Logan Correctional Center
- Interactive map of Logan Correctional Center
- Location: 1096 1350th Street Lincoln, Illinois, U.S.;
- Status: Open
- Capacity: 2284
- Opened: January 1978
- Managed by: Illinois Department of Corrections

= Logan Correctional Center =

Prison in Illinois, United States

Logan Correctional Center is an American prison in the state of Illinois for female offenders in Broadwell Township, Logan County, Illinois, near Lincoln and 30 mi north of Springfield. The 150 acre prison opened in January 1978. A 57 acre plot of fenced land houses general population prisoners. It lies just south of the Lincoln Correctional Center, a facility for male offenders.

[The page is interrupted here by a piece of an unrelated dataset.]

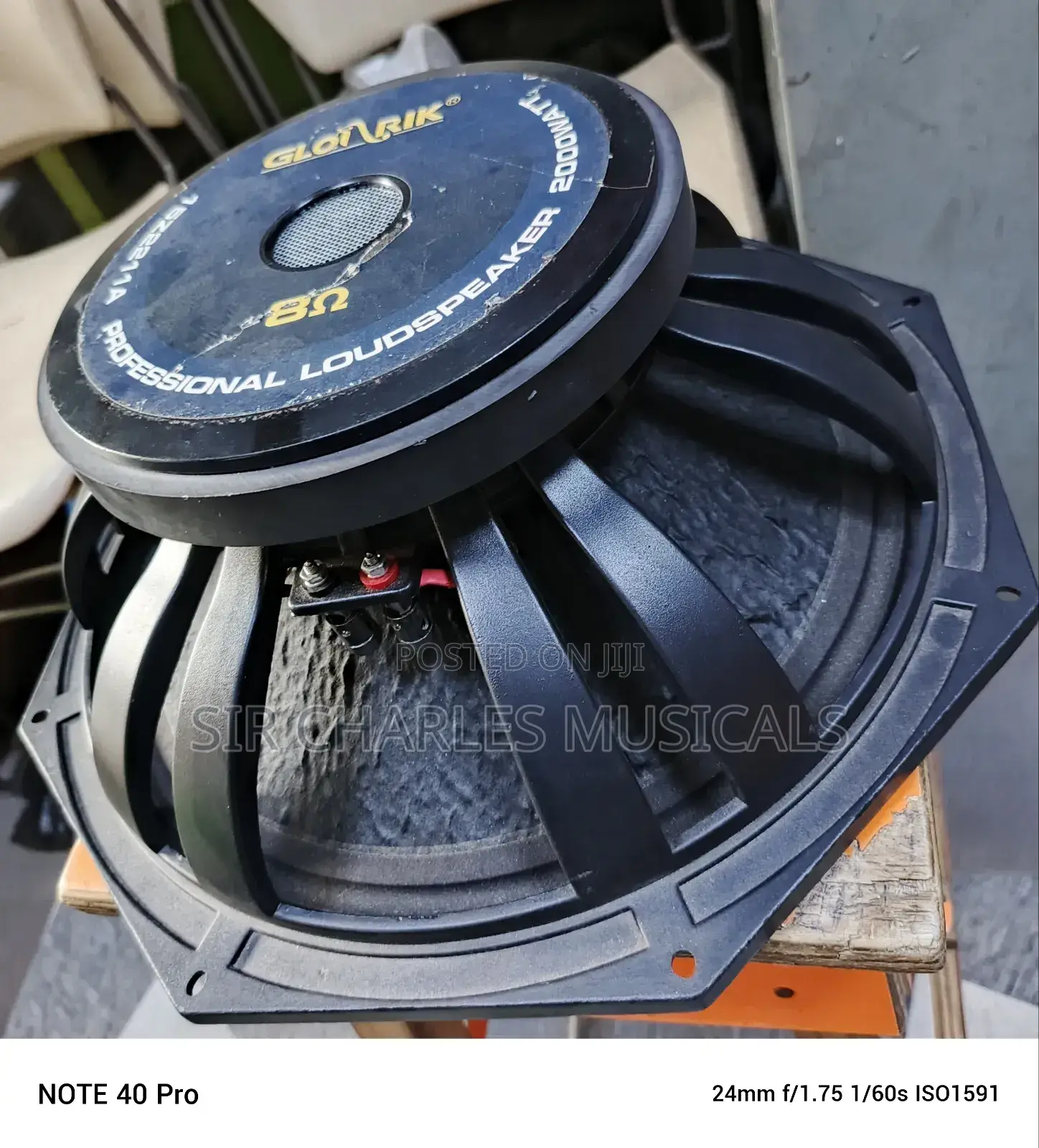 Original 18 Inches Professio Glorik Naked Speaker Big Magnet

Until mid-2000, Illinois had coed prisons, housing both male and female inmates in the same prison. The reason for making Logan Correctional Center a coed prison in 1987 was a fast-growing prison population. When it ended in 2000 it was declared an administrative burden, at the time Logan was supposed to become an all-male prison.

==Notable inmates==
- Nicole Abusharif – convicted of the 2007 murder of her domestic partner, Rebecca Klein.
- Tanishia Covington - perpetrator of the 2017 Chicago torture incident hate crime
- Catherine Suh - charged and found guilty of murder, conspiracy to commit murder, and bribery, for the 1993 murder of her boyfriend Robert O'Dubaine. Sentenced to life in prison.
- Marni K. Yang - Charged and found guilty of murdering Shaun Gayle’s girlfriend, Rhoni Reuter.
- Christine Roush - Found guilty of murdering her birth mother Ann Poehlman, sentenced to 40 years. Featured on Snapped series 28.
- Sarah Kolb - one of the murderers of Adrianne Reynolds.

== Conditions ==
The conditions of the Logan Correctional Center have been found to be "untenable" based on a study funded by the Department of Justice in November 2016. In 2024, it was announced that Logan would be torn down as part of $900 million plan by Gov. JB Pritzker and IDOC to rebuild Stateville men’s prison and Logan women’s prison. On June 5, 2026, IDOC and the Illinois Capital Development Board (CDB) announced that a new women’s prison would be constructed in Crest Hill, Illinois, on the same property as the new Stateville prison.

According to the 2025 Annual PREA report, Logan had the only four substantiated cases of staff on person in custody sexual misconduct of all prisons in Illinois. Many of those incarcerated at Logan have experienced gender-based violence and prison reproduces this cycle of violence.